The improving economy had little to do with their companies' decisions to increase IT spending, executives say. Still, economists credit hardware and software buying with helping fuel an explosion in the U.S. economy during the third quarter. Gross domestic product--the value of all goods and services produced--skyrocketed at a 7.2% annual growth rate in the period from July to September, the strongest pace in nearly 20 years, the Commerce Department reported last week.
About one-sixth of last quarter's GDP growth came from all types of business investments in equipment and software. Information-processing equipment and software represented more than half of equipment and software investments last quarter.
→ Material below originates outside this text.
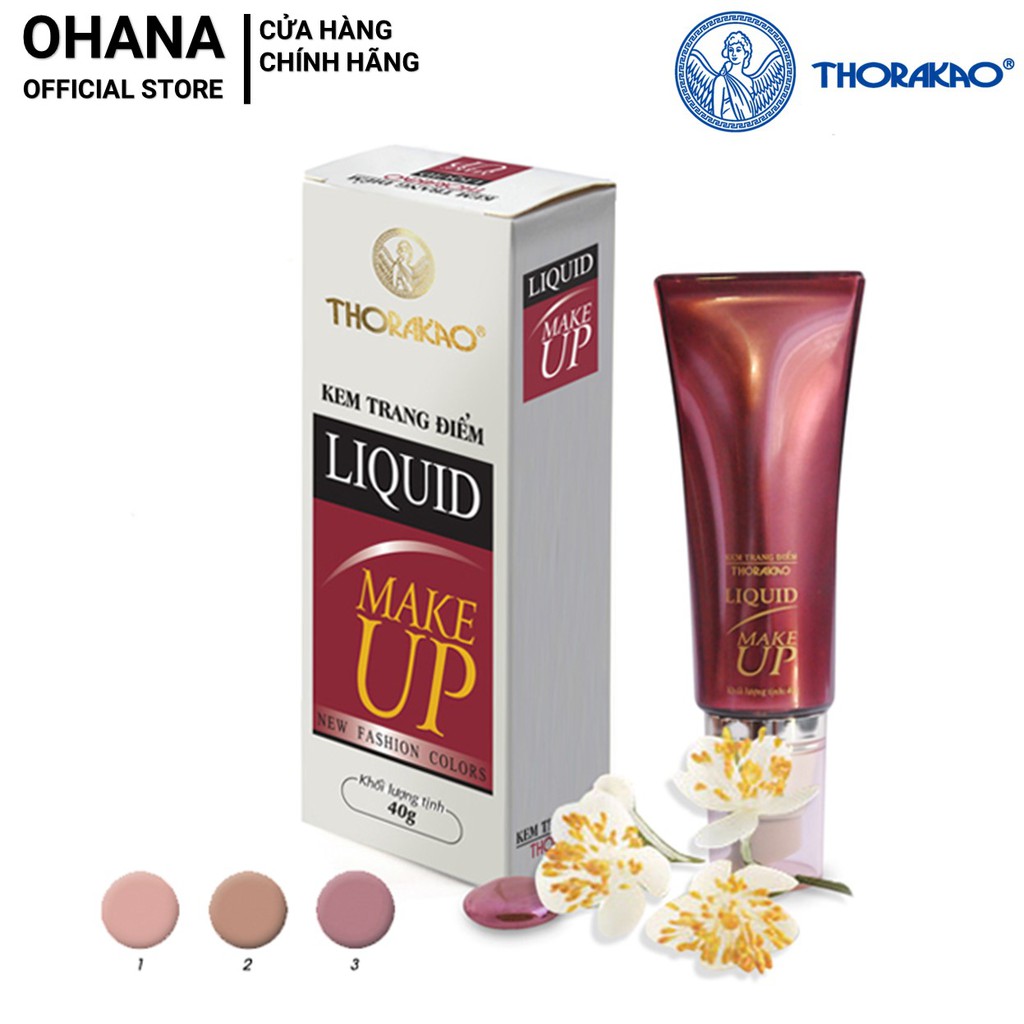 Kem Trang Điểm Thorakao Liquid 40g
No doubt the Bush tax cut played a role, too, in the sky-high GDP figure. But as the impact of the tax cut fades, so will the growth rate. Most of that tax cut has been spent--in the past quarter, federal tax collections dropped $100 billion as consumer spending increased $108 billion, says John Rutledge, an economic adviser to President Bush. "The challenge is to get past this tax cut and have sustainable capital spending," Rutledge says.
With business profits on the upswing, companies have gone on a buying binge, and IT is high on their shopping lists. "For most companies, technology is the first thing they buy," says Brian Keyser, chief U.S. economist at Citigroup Asset Management. "They're playing catch-up, adopting technology they wish they could have purchased two years ago. IT yields the most bang for the buck for corporations. You can get almost an instant return on your investment."
IT buying rose 4.3% in the third quarter, down a bit from the 4.4% increase posted in the second quarter, but significantly higher than rates logged during the past 1-1/2 years. In the third quarter, business investment in computers and peripherals soared nearly 10%. Software purchases rose 2.3% during the third quarter. If this past quarter's pace continues, IT buying will increase at an 18.3% annual rate.
No one predicts such a rate will be maintained over the long run, but no one speaks of a recession returning anytime soon. "After a prolonged period of justified skepticism," says Anirvan Banerji, research director at Economic Cycle Research Institute, an economic-forecasting firm, "people in charge of spending are finally beginning to believe this is a sustained recovery."